In the previous examples we have been doing a naive prediction from the linear dependency between temperature and staff. However, the temperature, by itself, is a too simplistic model. In our csv file with weather data we have more information available, such as humidity, wind speed etc. In order to do this we are going to use something called a linear combination.
The linear combination we are going to do for our new prediction consists of two parts. Weights (theta) and values (x). Each variable we want to use for our prediction is going to be composed of a pairs of weights and values. To get the final score we simply sum them up.
score = (theta_1 * x_1) + (theta_2 * x_2)
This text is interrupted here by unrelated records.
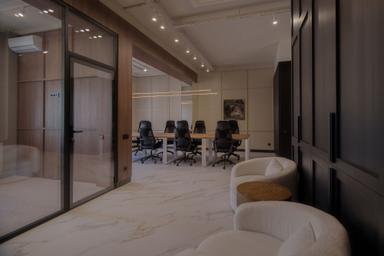 Коммерческая недвижимость по адресу ул. Эспланадная (площадь 1410 м²) - Atlanta.ua - фото 29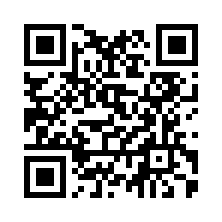 QR Code for 3BMEXoDp7KNFSVVUD79eqsps3FDHDGgsbh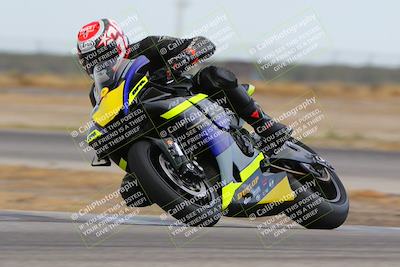 media/Sep-10-2023-Pacific Track Time (Sun) [[44210541ad]]/Group A/Sweeper (10am)/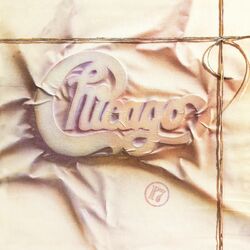 Cover of Chicago 17 (Expanded & Remastered)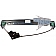 Dorman (OE Solutions) Window Regulator 749518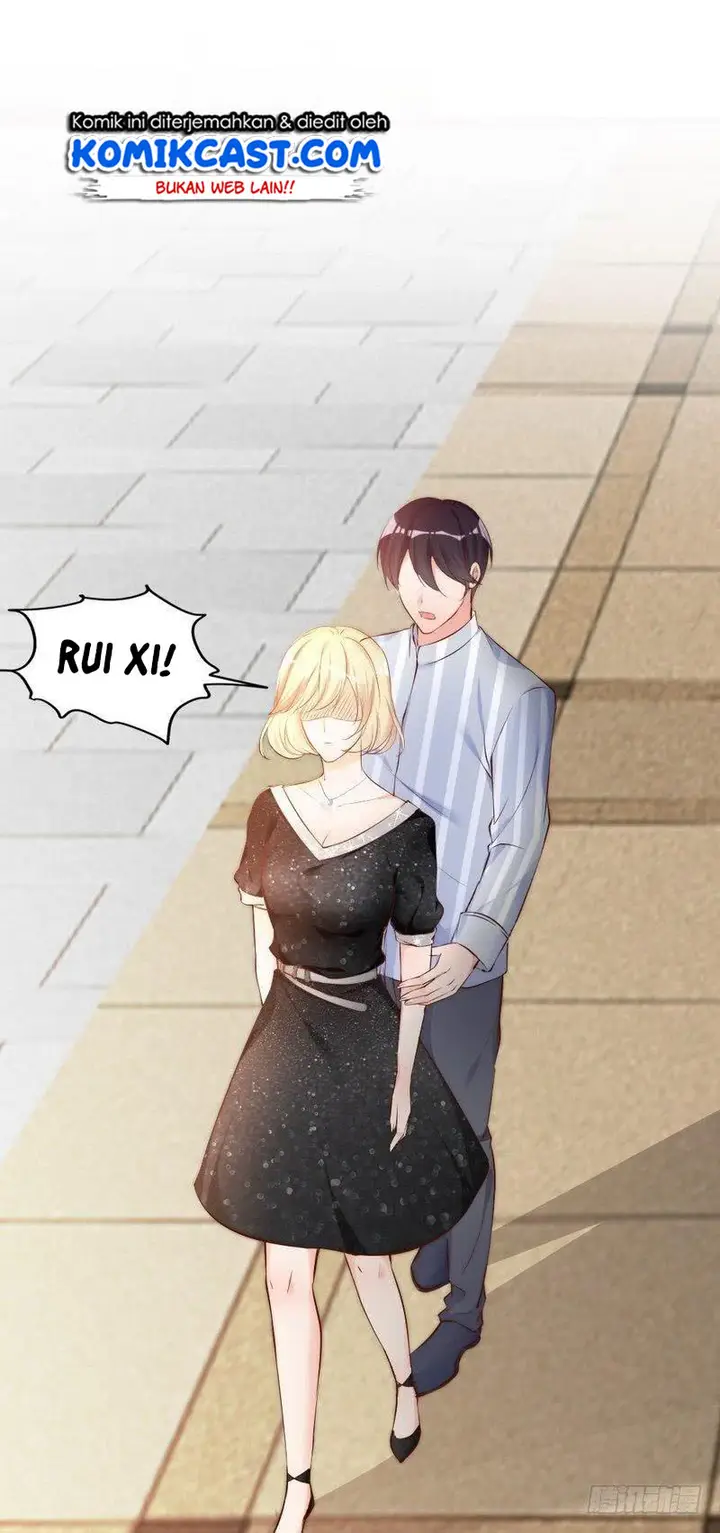 image-komik-my-wife-is-cold-hearted-chapter-60-28/42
The parenthesis is not really necessary, but is used to better show the pair for each variable we are using in our linear combination. With this model we can append any number of variable pairs to any length we want.
But what is really the thetas and x values doing with the score? A good analogy here might be recording studio. The thetas can be thought of as the sliders on a mixer board.
They signifies how much volume is going to be let though to the speakers (the score in our case). We can allow for more volume to be let though if we drag the slider a bit up and allow for less volume if we slide it a bit down. This slider (the theta) can therefore be seen as a weight of how much of this particular channel we are going to let effect the final score.
If the singer is screaming at the top of his lungs into the microphone the volume is going to be higher than if he is whispering. The input to the channel from the microphone is signified by our x variable. We can adjust for “screaming” in the x variable by having a lower theta for that channel if it effects the final score too much. The reverse is also true. If we want to adjust for “whispering” to amplify the input value we can set a higher theta for that x value.
By having these weights for each x we can make a linear combination of multiple variables to form a final scalar scoring.